Directed by David Marmor

Written by David Marmor

Starring Nicole Brydon Bloom, Giles Matthey, Taylor Nichols


In the late nineties, Ondi Timoner’s documentary We Live in Public showed the inner workings of an experimental society in New York created by internet pioneer Josh Harris. Part sociological exercise and part art performance, the theme was the loss of privacy in the internet age. In David Marmor’s 1BR, the theme could easily be seen as the loss of self in the age of selfishness. Both films show what can happen when the individual is under constant surveillance; 1BR questions whether it’s a good or a bad thing to be told how to act. Sometimes, what seems like the perfect situation can wind up being a situation you’d kill to get out of.

Wanting to reinvent herself in the star-making, soul killing city of Los Angeles, Sarah (Nicole Brydon Bloom) stumbles across a quaint apartment complex hidden away from the dregs of society, and there just happens to be a vacancy. Upon moving in, she has an innocent flirtation with Bobby (Giles Matthey), the cute neighbor down the hall and an unsettling run in with a creeper named Lester (Clayton Hoff). Both encounters encapsulate the overall vibe of the complex itself: it’s enticing and welcoming but there’s something unsettling going on within the walls. Once Sarah starts hearing strange noises in the middle of the night, you might think that you know where 1BR is heading but, it turns out, there’s nothing hidden underneath the floorboards and no ghost of a previous tenant offering clues. Instead, imagine that your perfect first apartment suddenly becomes a black site at some undisclosed location. Then, you might start realizing where this is heading.

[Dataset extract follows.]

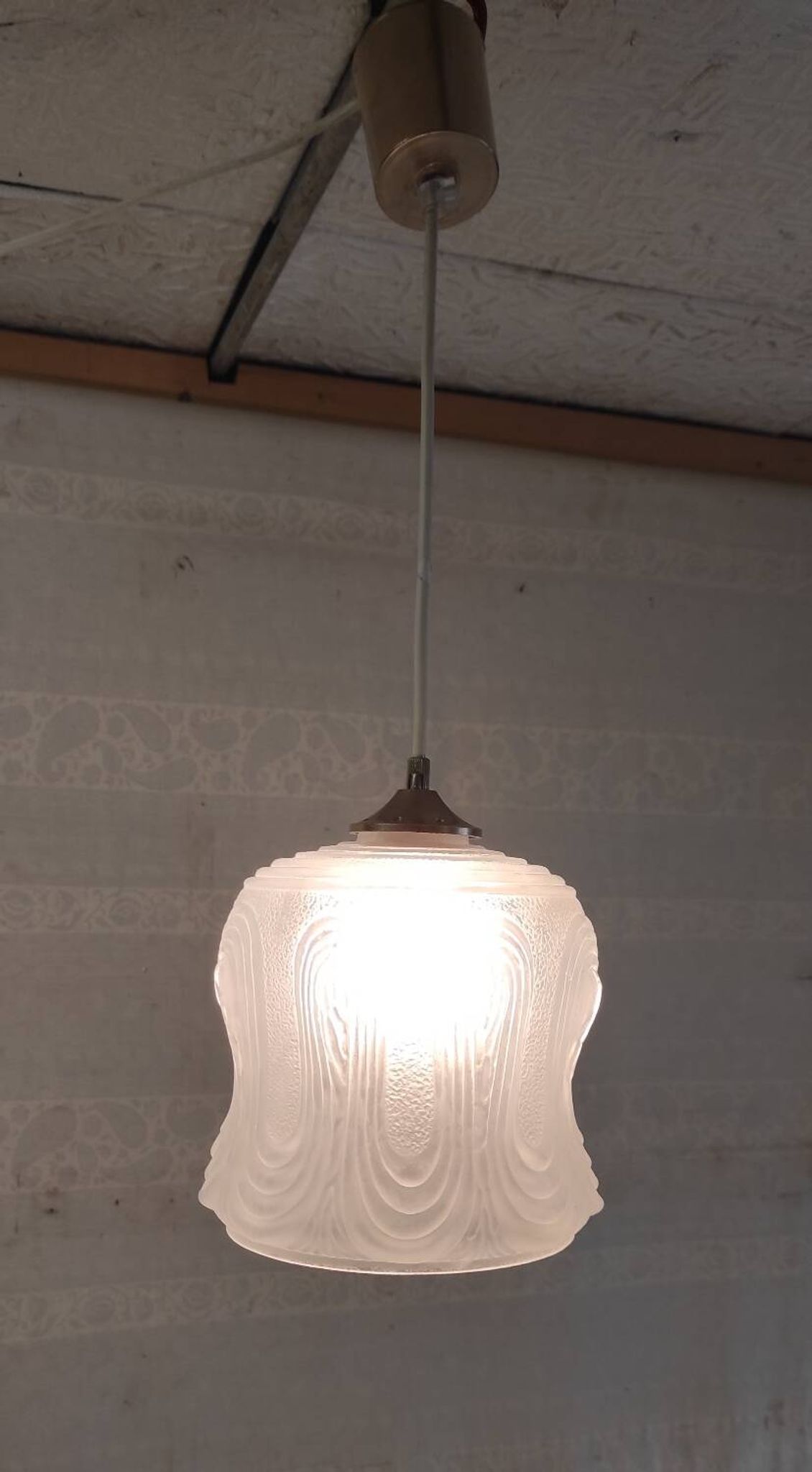Art Deco portable lamp in glass paste - mid 20th century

Surely, 1BR has a bit more in common with cult-centric films like Ari Aster’s Midsommar or Karyn Kusama’s The Invitation than apartment horror like Polanski’s The Tenant or the underseen Spanish thriller Sleep Tight. The villain here is the surveillance state and how the concept of communitarianism can become dangerously warped if in order to become a productive member you have to be beaten and broken down first. It would be like living in Walden Two if B.F. Skinner was constantly running around trying to kill you instead of teaching you how to garden. As the story expands and Sarah begins to acclimate, there’s also a parallel between the people in the apartment complex and property management in general, where both the person and the dwellings they live in become indistinguishable.

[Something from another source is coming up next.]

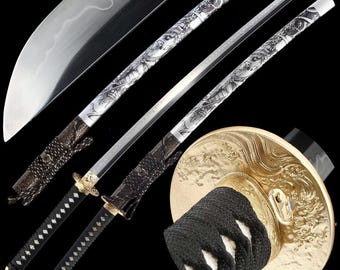 40" handsmidd japansk samurajsvärd äkta katana full tånge vass klinga T10 kolstål med drakegraverad klinga guld drake tsuba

In the same way Adam Driver finds out in The Report that there’s no science behind torture, Sarah eventually realizes this as well. Whether she was ever fully indoctrinated or not, the graphic violence she endures eventually explodes until she can no longer be controlled or contained. Ironically, the hatred the community has for the individual leads Sarah to find herself again. Only now, she hates everyone else and is willing to kill for the right to be imperfect and alone. All the violence in 1BR comes in all the right places and the right forms. Beginning with more militaristic psychological and physical torture to rebrand Sarah, it morphs into a much more, dare I say, fun display of randomness. Then, the bloody bits fit more in line with what horror fans love to watch. Revenge served up cold.

It won’t get made, but there’s definitely a setup for a sequel but what would they call it? Condo? 2BR/1BA? Wait! Sarah, has a twin and it’s called Property Sisters.

1BR premieres on VOD today, 4/24.

  • 1BR
3.5

Summary

1BR actually has more in common with horror films finding danger out in the countryside instead of more claustrophobic apartment horror where isolated insanity is usually the predictable outcome.